Warren defines ‘kickbacks’ as including not the commissions from the sales of those products, but “lavish cruises, luxury car leases, and other perks to annuity sales agents to promote their products.” Her conclusion, as published in the report Villas, Castles and Vacations: How Perks and Giveaways Create Conflicts of Interest in the Annuity Industry: “Kickbacks may benefit the agent and the company, but they do so at the expense of their customers.”
All 15 companies who received Warren’s letter responded, though the report notes none “provided complete answers to the questions.”
Industry groups were quick to criticize Warren’s research. Carl Wilkerson, vice president and chief counsel, Securities & Litigation, for the American Council of Life Insurers (ACLI) said in a prepared statement that ACLI was “disappointed” with Warren’s report, which “misrepresents the comprehensive regulatory framework that governs conduct in the sale of insurance products and protects consumers’ interests. Life insurers comply with laws that regulate permitted noncash compensation practices and support their full enforcement.”
The Insured Retirement Institute (IRI), which advocates for the annuity industry, also voiced its disappointment, saying in a statement that the report “lacks a full understanding of the current laws and regulations overseeing the distribution of annuities.” Moreover, IRI said “the current regulatory framework requires these products to benefit the consumer and meet his or her needs,” and that “it is because of this extensive regulatory structure that annuities are considered to be one of the most regulated financial products available to today’s consumer.”
Warren cites a White House document that such noncash compensation “costs Americans an estimated $17 billion every year,” which instead goes to “unscrupulous advisors who are more interested in collecting fees and prizes for themselves than helping families build real security.” The February 2015 document she references, The Effects of Conflicted Retirement Advice on Retirement Savings, was used by the Obama administration to support the Department of Labor’s ongoing rulemaking that would redefine fiduciary under ERISA. In her report, Warren reiterates her support for that rule, which she says would “protect consumers from these types of abuses,” and would “put an end to these conflicts of interest.”

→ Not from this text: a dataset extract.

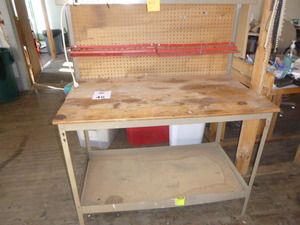 lot 46 image: Work Bench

Some industry groups, such as the Securities Industry and Financial Markets Association, have criticized the White House report on its calculations and conclusions since that report was first leaked in the spring.
In an appearance Wednesday in Washington at a Politico Morning Money breakfast (sponsored by Wells Fargo), Warren defended the steps she took in questioning a study used by Brookings Institution researcher Robert Litan in congressional testimony on the proposed DOL fiduciary rule; Litan eventually resigned from Brookings.
When asked by Politico moderator Ben White whether her questioning of Litan’s research could have a “chilling effect” on researchers whose findings she didn’t like, Warren was unapologetic.